Driving the ball is a combination of timing and technique (this is written for for either rightys or leftys):

1. Set the ball up on your instep to just inside your toe. Put your near cheek behind the ball and leave it there until your follow through pulls your head forward. This is the key--swing around your head like a wagon wheel--do not let it move forward or backwards but be relaxed swing smoothly around your head--it is the axis. 

2. Then just take the club back slowly with a straight arm, HINT rotate your hand to flat and lock your elbow then grip, the arm that is towards the ball and let the other arm fold naturally--elbow in will cure the slice (the old pros would put a hand towel under their back arm to get the feeling) without moving your head or letting your head come off the ball or move up or down (yours eyes should not have to refocus), and then slightly brace against the back knee and big toe--keep your weight on the inside of your back foot or big toe always.

3. After your arms have naturally coiled against your back knee and big toe (never the outside of your foot) gently shift your weight by turning your hips and pushing off the big toe and then gently pull the butt of the shaft towards the ball.

4.Keep a sharp focus on the ball and swing through the ball at about 80% of what you think is the right speed. 

5. You will now be amazed

Works for me.

T


----------



## TarheelFXR (Oct 11, 2011)

Oh yeah, I learned to cast after wading out and it's the same thing, you have to keep your balance. I learned to cast first but only because it was a lot more interesting to a little guy.

T


----------



## TarheelFXR (Oct 11, 2011)

Surf Casting vs. Golf... 

Fishing always was and still is the most fun and better eatin'--I was born in Pinehurst (mother's parents) and father's parents lived on the beach so... 
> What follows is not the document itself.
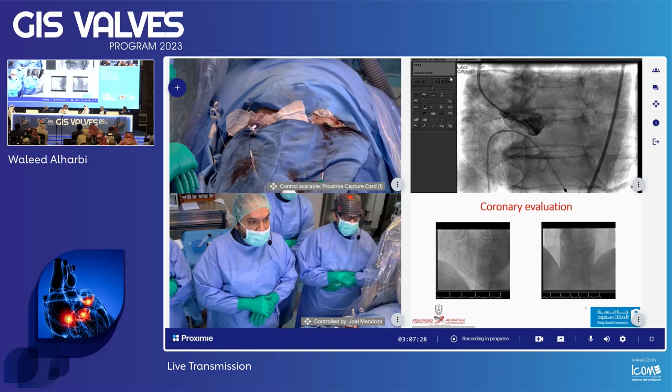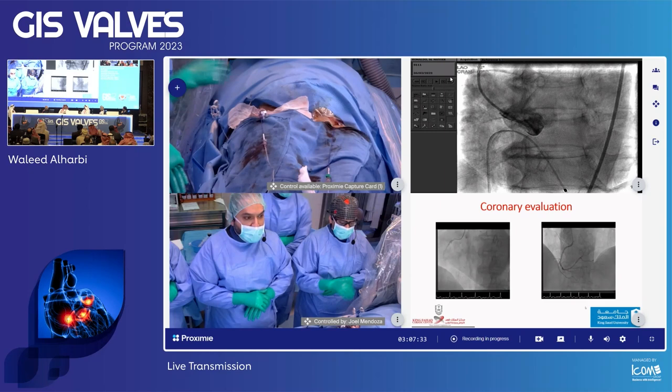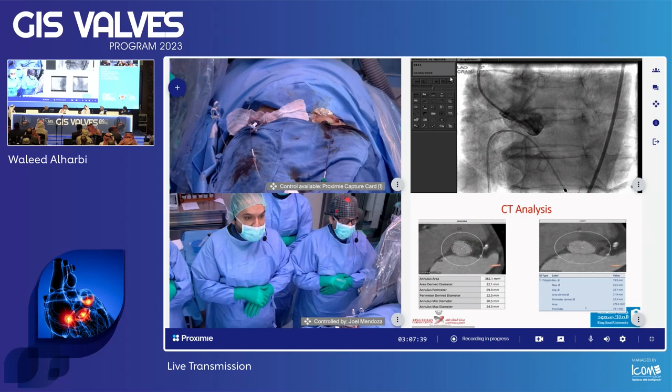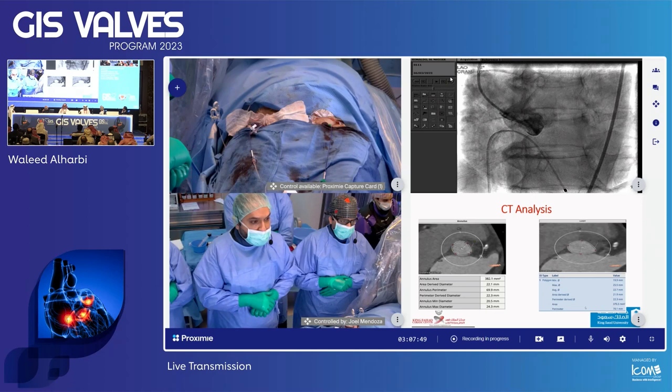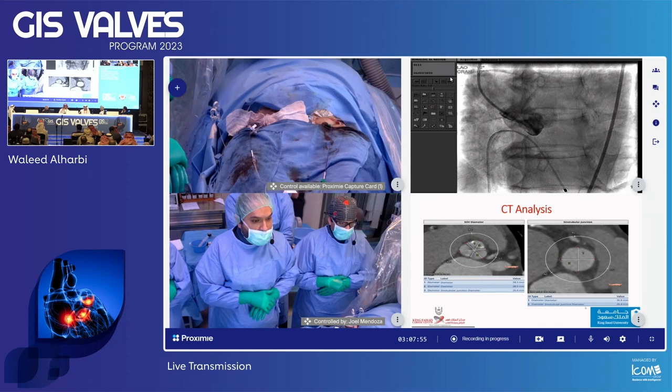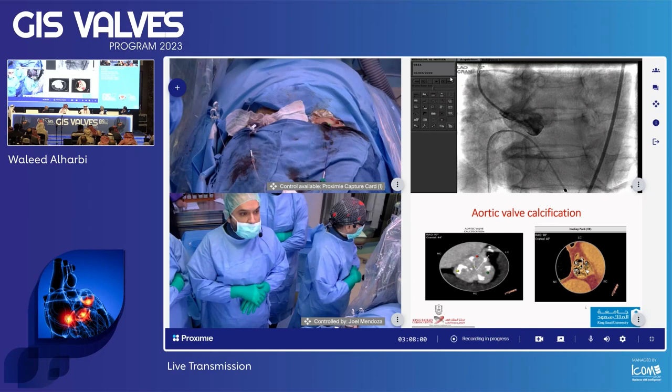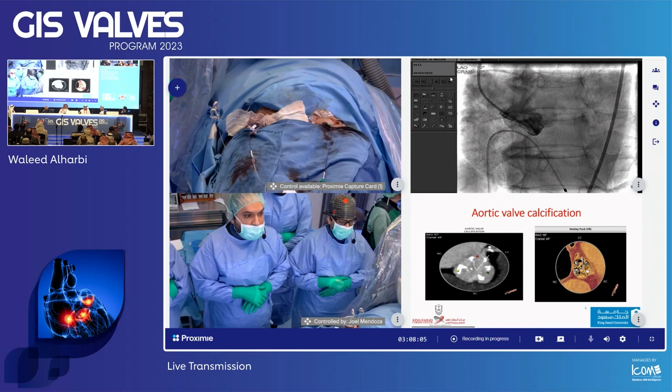Her LCx was fine. The RCA also had diffuse disease with a moderate-to-severe lesion in the mid-segment. On CT analysis, her annulus area is 380 mm², perimeter 70 mm. The sinus of Valsalva diameter is 28 mm, sinutubular junction diameter 28 mm. CT clearly demonstrates calcification of the aortic valve, predominantly on the non-coronary and left cusps, and also on the right cusp.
Is there no edit function here? I am not some jerk that just keeps posting when I'm drinking...but I keep wanting to modify this sh!t

T


----------



## biggestsquid (Jan 6, 2010)

Tommy said:


> I have not had the pleasure (at least I don't think so) of meeting Joel. Everything I've heard is that he's a heck of a caster and a great guy.
> 
> At 51 I kinda doubt that I'll ever be real good at golf although I do enjoy the swing...
> 
> Tommy


Tommy,

Age is not an impediment to golfing, like it is for most other things, and you may actually improve. I had to make a choice, golf/fish, so I gave away my golf sticks but the tendency to "back off" a bit as an older golfer usually serves one well. (Not that 51 is older anything except ballplayer). Trying to knock the cover off the ball gets people in trouble. When you finally get to the point where you are wise enough to realize that OR it hurts too much to swing hard ---- you will have a shot at beating Big Brother!

Cheers,
See you at Hatteras


----------



## big brother (May 15, 2002)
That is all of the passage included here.